From the first entry to the last, repeat the listing exactly.

--- RECORDS SUPPLIED Enclosed Below ---

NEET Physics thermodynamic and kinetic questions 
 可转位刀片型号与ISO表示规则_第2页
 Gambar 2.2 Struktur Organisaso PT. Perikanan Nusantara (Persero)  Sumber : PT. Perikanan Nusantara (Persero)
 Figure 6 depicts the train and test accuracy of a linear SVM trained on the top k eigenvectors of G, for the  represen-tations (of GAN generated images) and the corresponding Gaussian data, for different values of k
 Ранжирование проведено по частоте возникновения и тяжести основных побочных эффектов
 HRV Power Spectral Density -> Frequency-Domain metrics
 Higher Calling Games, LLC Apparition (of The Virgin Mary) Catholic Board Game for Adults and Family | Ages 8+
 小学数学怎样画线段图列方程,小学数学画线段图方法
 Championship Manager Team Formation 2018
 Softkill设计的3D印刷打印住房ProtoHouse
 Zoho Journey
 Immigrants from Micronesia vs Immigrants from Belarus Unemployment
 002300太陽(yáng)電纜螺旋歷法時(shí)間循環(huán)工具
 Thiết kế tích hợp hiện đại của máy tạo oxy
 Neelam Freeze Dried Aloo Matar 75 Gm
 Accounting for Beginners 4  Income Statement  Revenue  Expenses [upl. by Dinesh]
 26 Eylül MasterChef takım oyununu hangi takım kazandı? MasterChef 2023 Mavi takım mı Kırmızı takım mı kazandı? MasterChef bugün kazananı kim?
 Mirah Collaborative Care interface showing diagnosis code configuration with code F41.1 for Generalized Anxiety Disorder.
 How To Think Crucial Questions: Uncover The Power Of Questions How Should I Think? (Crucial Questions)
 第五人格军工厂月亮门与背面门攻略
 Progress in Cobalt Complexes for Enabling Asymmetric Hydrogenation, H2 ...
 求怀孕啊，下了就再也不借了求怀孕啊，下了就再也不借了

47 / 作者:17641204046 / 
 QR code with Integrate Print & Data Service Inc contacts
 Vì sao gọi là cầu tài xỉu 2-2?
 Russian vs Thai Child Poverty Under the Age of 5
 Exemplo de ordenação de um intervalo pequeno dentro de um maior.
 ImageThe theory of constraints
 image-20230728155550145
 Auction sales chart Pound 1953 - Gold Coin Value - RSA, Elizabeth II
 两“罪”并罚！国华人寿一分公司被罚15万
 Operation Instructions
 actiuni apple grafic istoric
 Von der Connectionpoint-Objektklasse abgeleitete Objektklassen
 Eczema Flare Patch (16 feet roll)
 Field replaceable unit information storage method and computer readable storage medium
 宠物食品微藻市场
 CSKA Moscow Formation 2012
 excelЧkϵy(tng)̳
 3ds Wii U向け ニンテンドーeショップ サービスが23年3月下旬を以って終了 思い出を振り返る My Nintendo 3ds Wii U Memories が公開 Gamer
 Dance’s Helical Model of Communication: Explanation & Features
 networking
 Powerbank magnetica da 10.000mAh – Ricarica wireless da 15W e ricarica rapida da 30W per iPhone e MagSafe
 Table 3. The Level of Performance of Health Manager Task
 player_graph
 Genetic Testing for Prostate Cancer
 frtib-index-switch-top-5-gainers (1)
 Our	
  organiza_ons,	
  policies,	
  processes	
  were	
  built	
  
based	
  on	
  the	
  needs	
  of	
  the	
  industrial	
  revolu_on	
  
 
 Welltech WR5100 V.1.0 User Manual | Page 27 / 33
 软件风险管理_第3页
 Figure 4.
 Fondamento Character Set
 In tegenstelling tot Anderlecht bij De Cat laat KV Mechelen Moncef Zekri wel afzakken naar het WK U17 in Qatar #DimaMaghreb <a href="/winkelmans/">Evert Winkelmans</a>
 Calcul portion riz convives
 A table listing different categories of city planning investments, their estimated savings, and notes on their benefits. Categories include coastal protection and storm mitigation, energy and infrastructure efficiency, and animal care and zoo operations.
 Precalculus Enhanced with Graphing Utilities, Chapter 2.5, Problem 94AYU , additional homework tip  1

--- End of Enclosed RECORDS SUPPLIED ---

**OUTPUT**
NEET Physics thermodynamic and kinetic questions 
 可转位刀片型号与ISO表示规则_第2页
 Gambar 2.2 Struktur Organisaso PT. Perikanan Nusantara (Persero)  Sumber : PT. Perikanan Nusantara (Persero)
 Figure 6 depicts the train and test accuracy of a linear SVM trained on the top k eigenvectors of G, for the  represen-tations (of GAN generated images) and the corresponding Gaussian data, for different values of k
 Ранжирование проведено по частоте возникновения и тяжести основных побочных эффектов
 HRV Power Spectral Density -> Frequency-Domain metrics
 Higher Calling Games, LLC Apparition (of The Virgin Mary) Catholic Board Game for Adults and Family | Ages 8+
 小学数学怎样画线段图列方程,小学数学画线段图方法
 Championship Manager Team Formation 2018
 Softkill设计的3D印刷打印住房ProtoHouse
 Zoho Journey
 Immigrants from Micronesia vs Immigrants from Belarus Unemployment
 002300太陽(yáng)電纜螺旋歷法時(shí)間循環(huán)工具
 Thiết kế tích hợp hiện đại của máy tạo oxy
 Neelam Freeze Dried Aloo Matar 75 Gm
 Accounting for Beginners 4  Income Statement  Revenue  Expenses [upl. by Dinesh]
 26 Eylül MasterChef takım oyununu hangi takım kazandı? MasterChef 2023 Mavi takım mı Kırmızı takım mı kazandı? MasterChef bugün kazananı kim?
 Mirah Collaborative Care interface showing diagnosis code configuration with code F41.1 for Generalized Anxiety Disorder.
 How To Think Crucial Questions: Uncover The Power Of Questions How Should I Think? (Crucial Questions)
 第五人格军工厂月亮门与背面门攻略
 Progress in Cobalt Complexes for Enabling Asymmetric Hydrogenation, H2 ...
 求怀孕啊，下了就再也不借了求怀孕啊，下了就再也不借了

47 / 作者:17641204046 / 
 QR code with Integrate Print & Data Service Inc contacts
 Vì sao gọi là cầu tài xỉu 2-2?
 Russian vs Thai Child Poverty Under the Age of 5
 Exemplo de ordenação de um intervalo pequeno dentro de um maior.
 ImageThe theory of constraints
 image-20230728155550145
 Auction sales chart Pound 1953 - Gold Coin Value - RSA, Elizabeth II
 两“罪”并罚！国华人寿一分公司被罚15万
 Operation Instructions
 actiuni apple grafic istoric
 Von der Connectionpoint-Objektklasse abgeleitete Objektklassen
 Eczema Flare Patch (16 feet roll)
 Field replaceable unit information storage method and computer readable storage medium
 宠物食品微藻市场
 CSKA Moscow Formation 2012
 excelЧkϵy(tng)̳
 3ds Wii U向け ニンテンドーeショップ サービスが23年3月下旬を以って終了 思い出を振り返る My Nintendo 3ds Wii U Memories が公開 Gamer
 Dance’s Helical Model of Communication: Explanation & Features
 networking
 Powerbank magnetica da 10.000mAh – Ricarica wireless da 15W e ricarica rapida da 30W per iPhone e MagSafe
 Table 3. The Level of Performance of Health Manager Task
 player_graph
 Genetic Testing for Prostate Cancer
 frtib-index-switch-top-5-gainers (1)
 Our	
  organiza_ons,	
  policies,	
  processes	
  were	
  built	
  
based	
  on	
  the	
  needs	
  of	
  the	
  industrial	
  revolu_on	
  
 
 Welltech WR5100 V.1.0 User Manual | Page 27 / 33
 软件风险管理_第3页
 Figure 4.
 Fondamento Character Set
 In tegenstelling tot Anderlecht bij De Cat laat KV Mechelen Moncef Zekri wel afzakken naar het WK U17 in Qatar #DimaMaghreb <a href="/winkelmans/">Evert Winkelmans</a>
 Calcul portion riz convives
 A table listing different categories of city planning investments, their estimated savings, and notes on their benefits. Categories include coastal protection and storm mitigation, energy and infrastructure efficiency, and animal care and zoo operations.
 Precalculus Enhanced with Graphing Utilities, Chapter 2.5, Problem 94AYU , additional homework tip  1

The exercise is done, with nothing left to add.